Give back the whole listing exactly as written, pictures excluded.
(DATA FOR THE TASK)
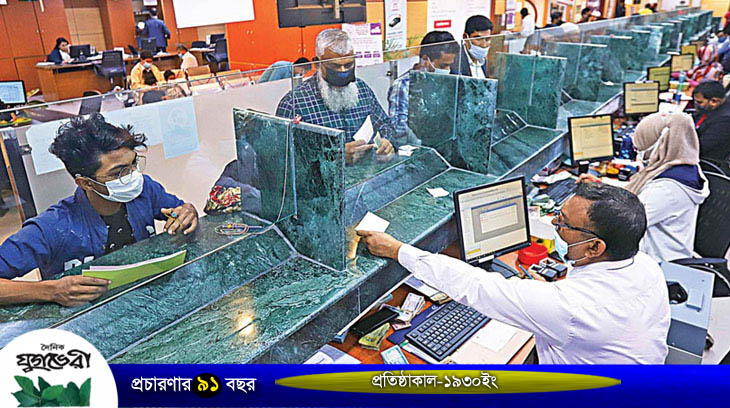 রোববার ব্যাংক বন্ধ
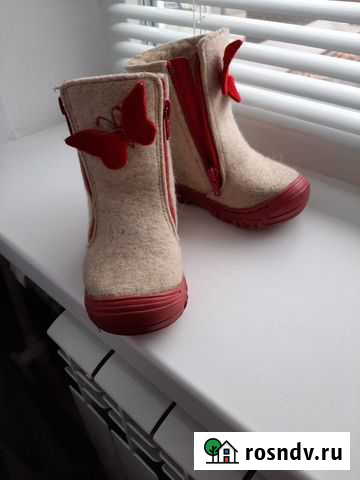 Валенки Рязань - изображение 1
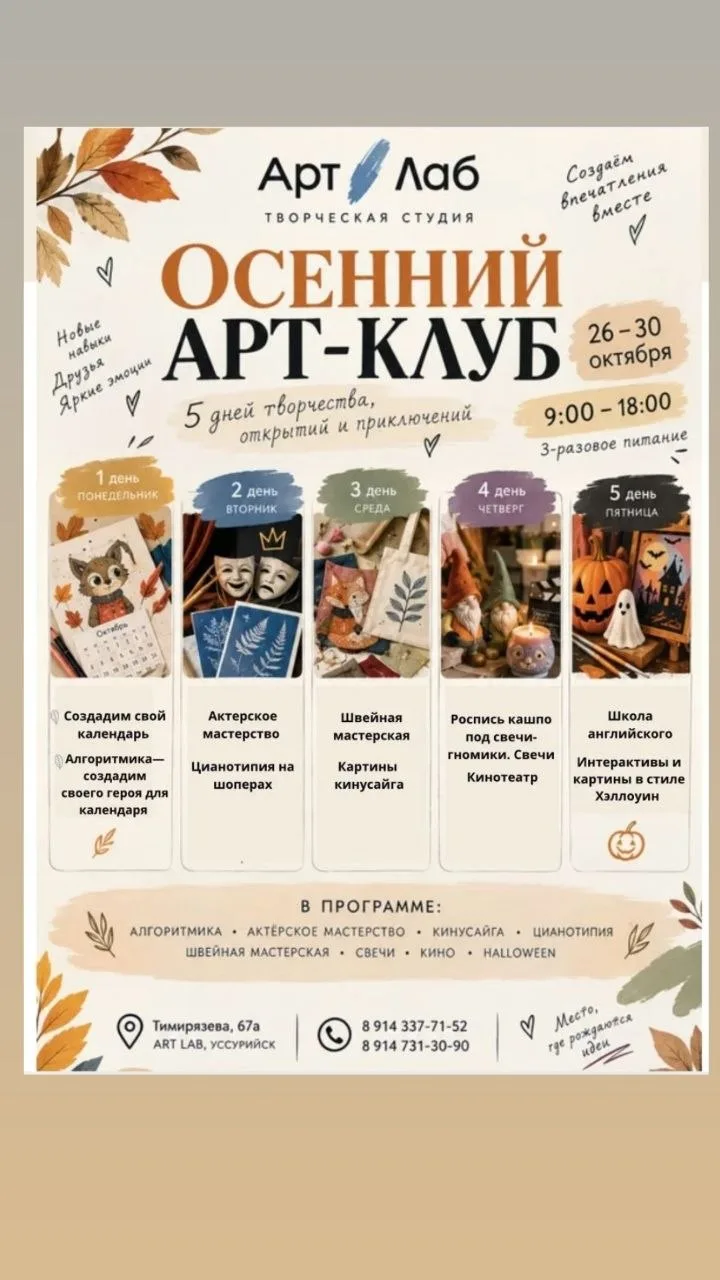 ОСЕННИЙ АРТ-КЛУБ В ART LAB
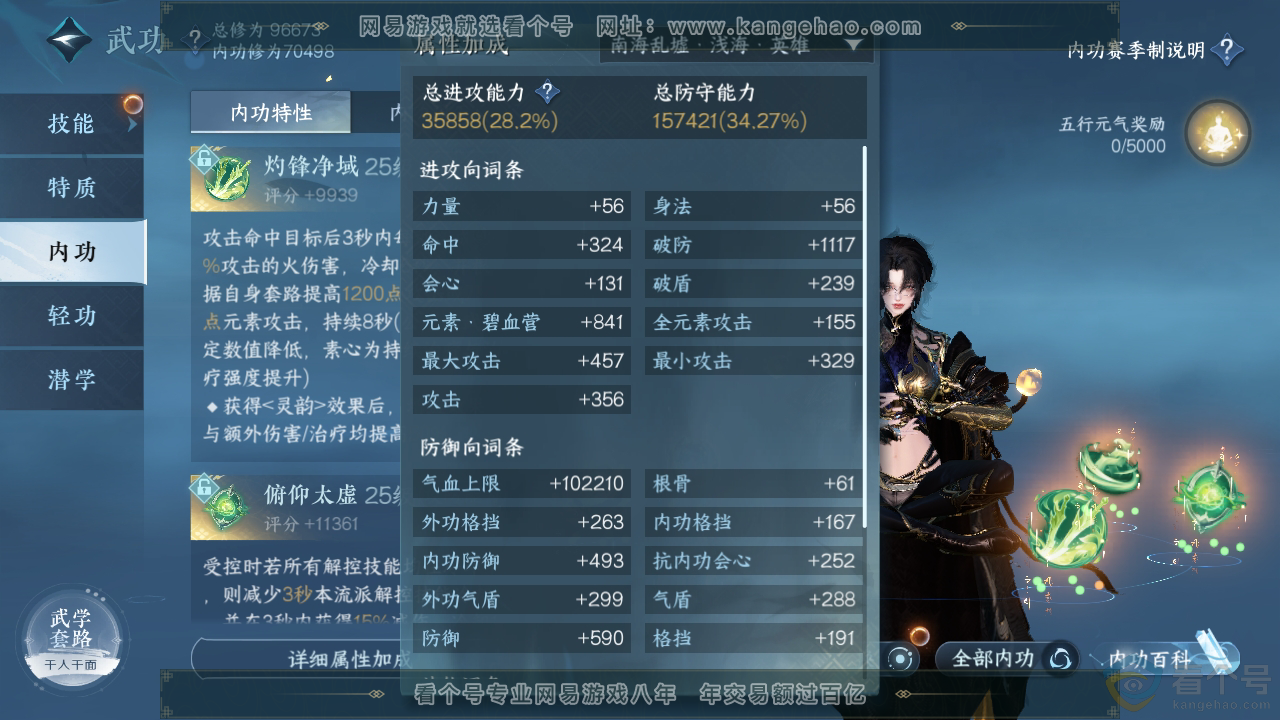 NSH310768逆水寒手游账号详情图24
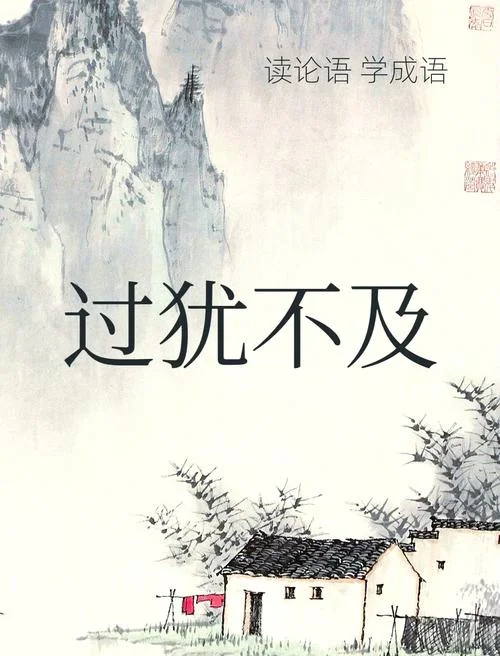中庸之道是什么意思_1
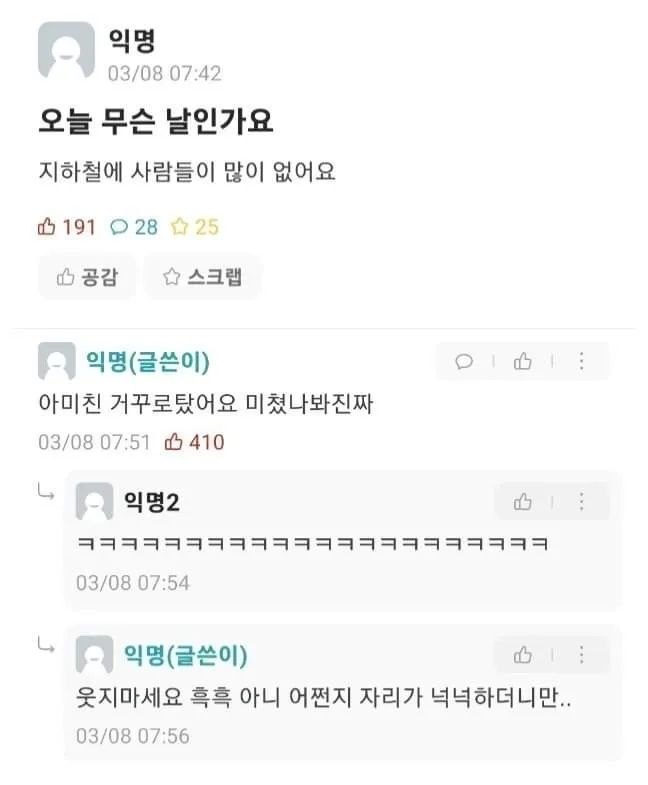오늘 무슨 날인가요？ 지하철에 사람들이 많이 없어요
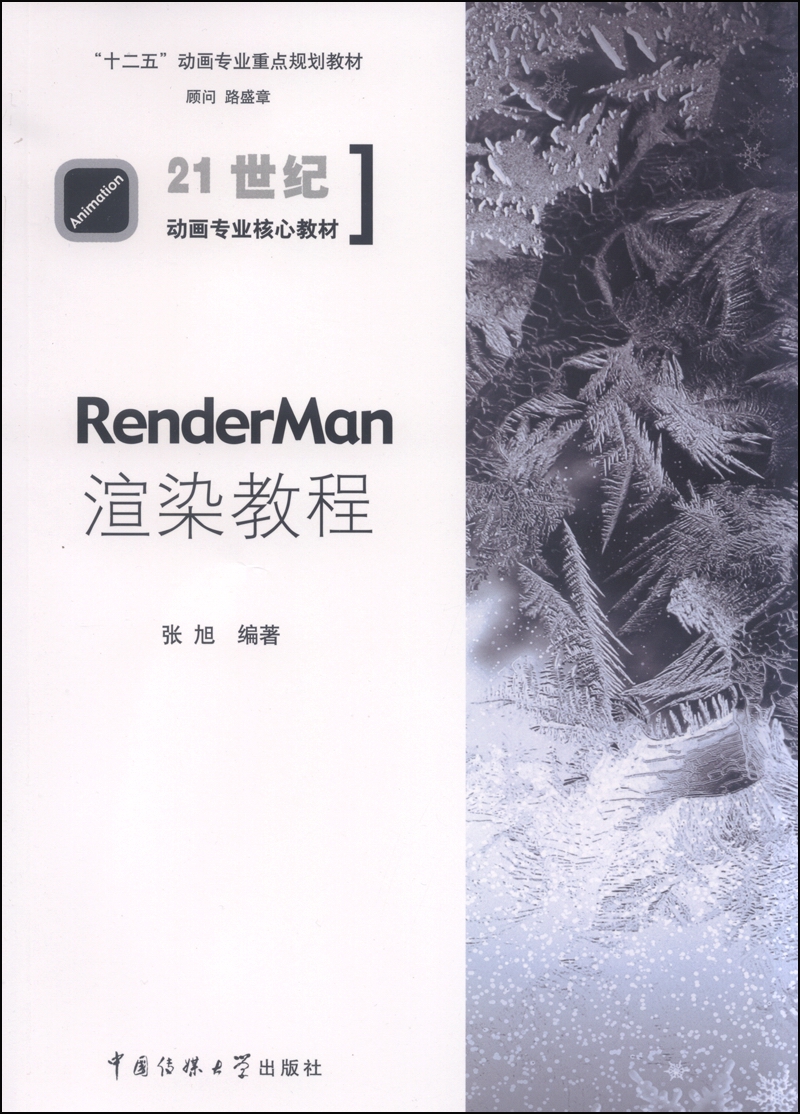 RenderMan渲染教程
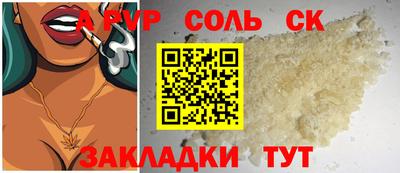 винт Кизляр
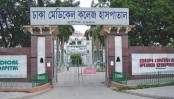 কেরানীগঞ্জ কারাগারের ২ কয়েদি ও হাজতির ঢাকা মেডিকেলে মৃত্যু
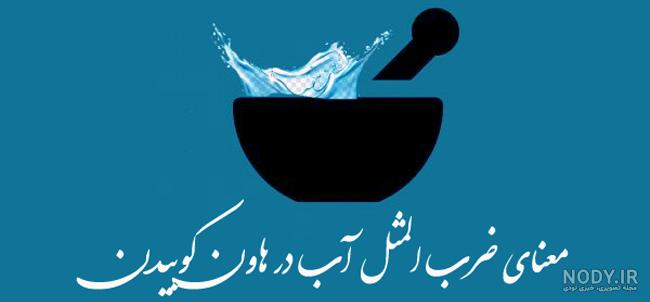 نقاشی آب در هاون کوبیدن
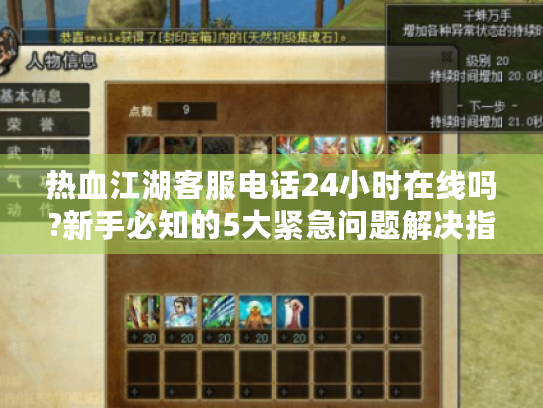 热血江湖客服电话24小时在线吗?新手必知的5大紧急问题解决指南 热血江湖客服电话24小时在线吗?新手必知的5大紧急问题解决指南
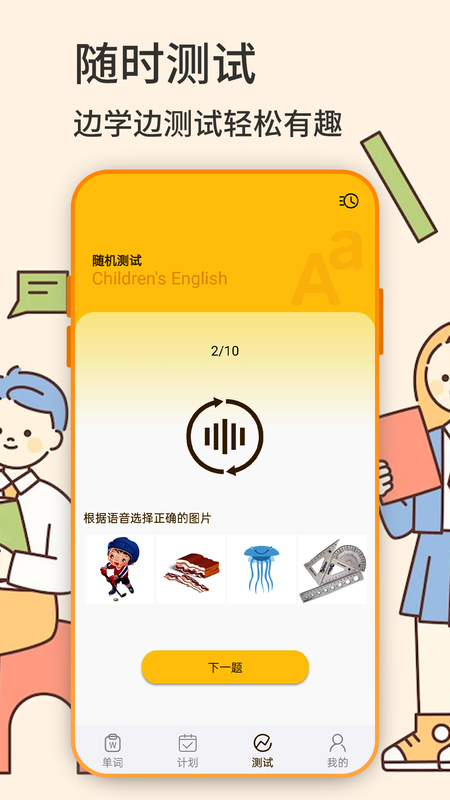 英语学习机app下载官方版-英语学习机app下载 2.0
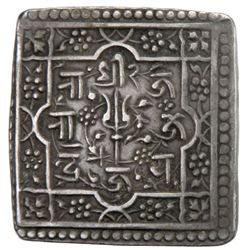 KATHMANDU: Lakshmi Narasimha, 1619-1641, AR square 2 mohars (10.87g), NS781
(End DATA FOR THE TASK)
§ **ANSWER SECTION**
 রোববার ব্যাংক বন্ধ
 Валенки Рязань - изображение 1
 ОСЕННИЙ АРТ-КЛУБ В ART LAB
 NSH310768逆水寒手游账号详情图24
中庸之道是什么意思_1
오늘 무슨 날인가요？ 지하철에 사람들이 많이 없어요
 RenderMan渲染教程
 винт Кизляр
 কেরানীগঞ্জ কারাগারের ২ কয়েদি ও হাজতির ঢাকা মেডিকেলে মৃত্যু
 نقاشی آب در هاون کوبیدن
 热血江湖客服电话24小时在线吗?新手必知的5大紧急问题解决指南 热血江湖客服电话24小时在线吗?新手必知的5大紧急问题解决指南
 英语学习机app下载官方版-英语学习机app下载 2.0
 KATHMANDU: Lakshmi Narasimha, 1619-1641, AR square 2 mohars (10.87g), NS781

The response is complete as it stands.